Auslöser ist ein Streit mit Deliveroo

Die Wahl fiel nicht zufällig auf Köln. Hier liefert sich die NGG mit Deliveroo seit Monaten eine erbitterte Auseinandersetzung. Auslöser war die Ankündigung mehrerer Rider, einen Betriebsrat zu gründen. Nach Darstellung der NGG habe das Unternehmen daraufhin zahlreiche befristete Verträge auslaufen lassen – offenbar zugunsten von selbstständigen Fahrern. Diese können sich nicht in einem Betriebsrat organisieren.

Die Chefin des Deutschen Gewerkschaftsbundes in NRW, Anja Weber, war selbst lange als Gewerkschafterin für die NGG aktiv. Sie kritisierte die Lieferplattform scharf: „Dass Deliveroo frischgewählte Betriebsräte in die Solo-Selbständigkeit entlassen hat, ist eine Sauerei.
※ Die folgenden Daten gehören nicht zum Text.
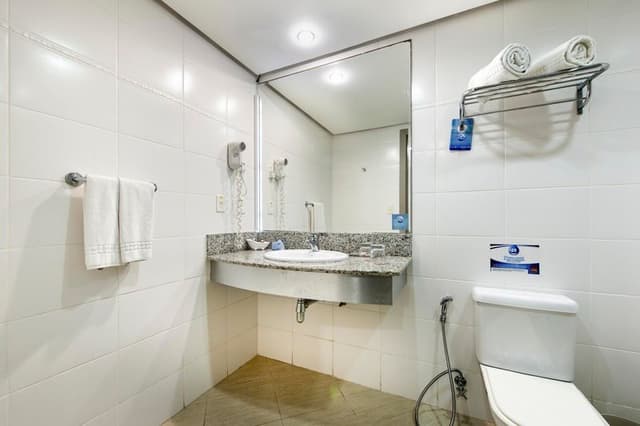 SUITE EXECUTIVE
Damit wird das deutsche Mitbestimmungsrecht ausgehebelt.“ Hier sei auch die Bundesregierung gefragt. „Wir brauchen dringend Regelungen, damit auch in der Digitalisierung Mitbestimmung gesichert wird“, verlangte Weber.

Sie begrüßte, dass der Minister nach Köln gereist sei. „Wir brauchen hier ganz klar auch gesetzliche Lösungen: Die Politik muss Kettenbefristungen und sachgrundlosen Befristungen den Riegel vorschieben, damit in der Arbeitswelt 4.0 keine Bedingungen wie in der ersten industriellen Revolution herrschen.“

Deliveroo erklärte mit Blick auf die erhobenen Vorwürfe, die überwiegende Mehrheit der Beschäftigten entscheide sich aufgrund der Flexibilität für die freiberufliche Variante. Zudem lasse sich auf diesem Weg mehr Geld verdienen: „Unsere freiberuflich tätigen Fahrer verdienen beispielsweise durchschnittlich 16 Euro pro Stunde, unsere festangestellten neun bis zehn Euro.“

Im Aufruf zur Aktion in Köln war nicht nur von dem britischen Unternehmen die Rede. Auch Fahrer von Lieferdiensten wie Foodora waren zur Teilnahme aufgerufen – ein Umstand, der bei Foodora für Verwunderung sorgt. Ein großer Teil der rund 3000 Foodora-Fahrer sei fest angestellt, sagte ein Sprecher. Er räumte ein, dass es viele Zeitverträge gebe. „Wir würden die Beschäftigten gerne länger an uns binden. Fakt ist aber, dass viele das nur saisonal machen. Die Durchschnittsbeschäftigungsdauer beträgt bei uns sechs bis zehn Monate.“ Bei Foodora gebe es inzwischen Betriebsräte in Köln und Hamburg. Er verwahrte sich dagegen, dass alle Lieferdienste in einen Topf geworfen würde.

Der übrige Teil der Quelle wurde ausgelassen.